Main steps of a flow chart (FIG. 4) of a two-phase-interaction-based method for extracting an object of interest according to an embodiment of the present disclosure are as follows:
Step 401: Generate an attention degree parameter according to a position of point obtained in a coarse positioning process.
For example, in the coarse positioning process, the position of point may be obtained through adopting a manner of three-dimensional infrared interaction or mouse interaction, and a video feature is further combined to generate the attention degree parameter.
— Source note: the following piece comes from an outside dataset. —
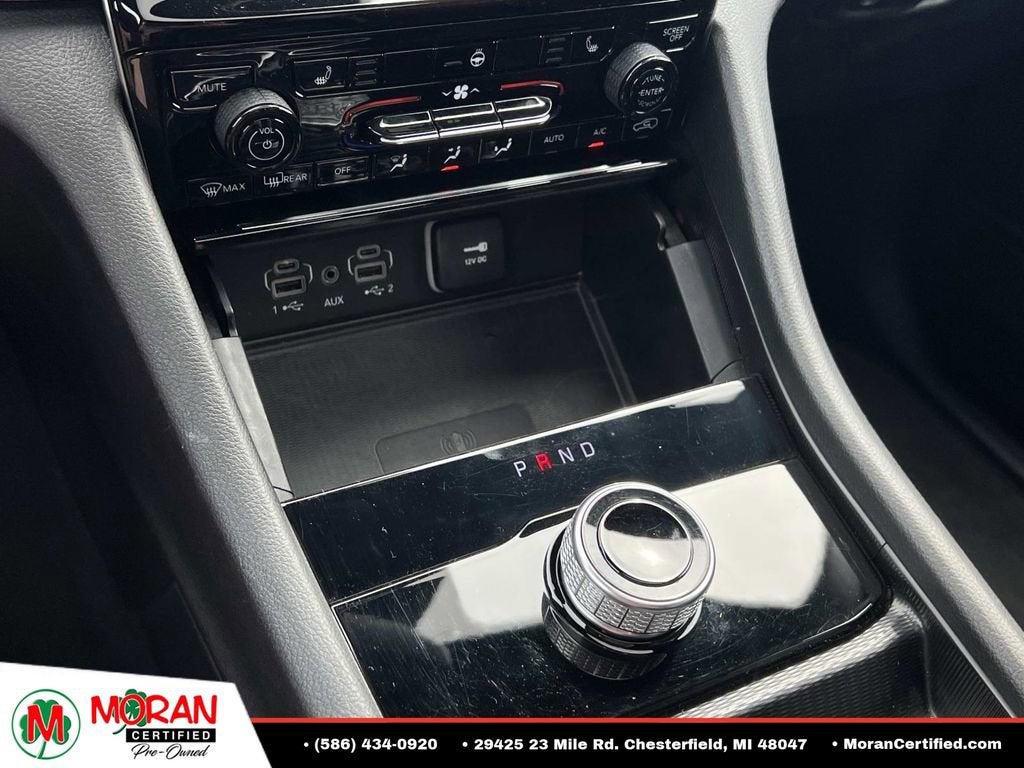 2024 Jeep Grand Cherokee L Altitude X 4x4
In an embodiment, the video feature may be a video size, and the attention degree parameter is generated by adopting a self-adaptive algorithm and according to the video size and a corresponding position of point.
The method for obtaining the position of point by adopting the manner of three-dimensional infrared interaction or mouse interaction may include: through mouse clicking, recording a user interaction position so as to obtain the position of point; or, through an infrared three-dimensional positioning apparatus, obtaining a user interaction coordinate in a three-dimensional space, so as to obtain the position of point which corresponds to the interaction position of the user.
Step 402: Divide a video frame into several areas, map the attention degree parameter to each video area, and determine an attention degree of each video area.
Each group of parameters divides the video frame into several areas, and determines the attention degree of each area. For example, the attention degree parameter may represent a series of frames to divide the video frame, and preferentially, the attention degree may be divided into three levels of 1.0, 0.5, and 0.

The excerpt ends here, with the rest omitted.